Data shown ▸
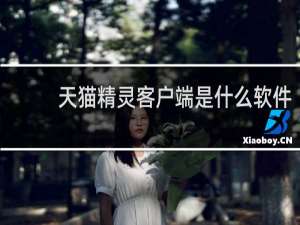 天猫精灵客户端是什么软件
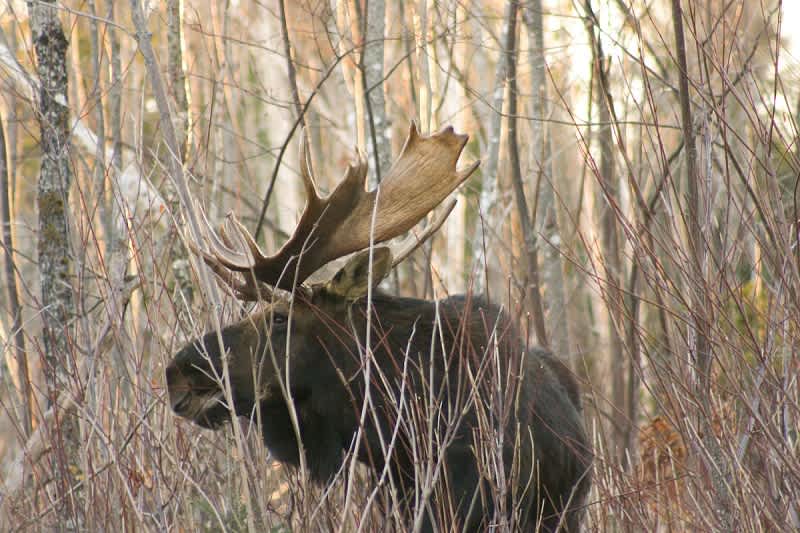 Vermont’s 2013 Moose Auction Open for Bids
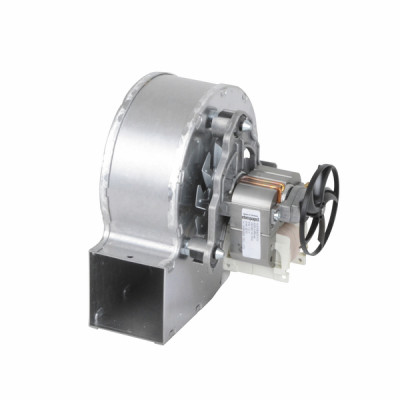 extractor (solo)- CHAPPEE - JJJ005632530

What needs to be done ▸
Return each line above exactly; any pictures are to be skipped.

Worked solution ▸
 天猫精灵客户端是什么软件
 Vermont’s 2013 Moose Auction Open for Bids
 extractor (solo)- CHAPPEE - JJJ005632530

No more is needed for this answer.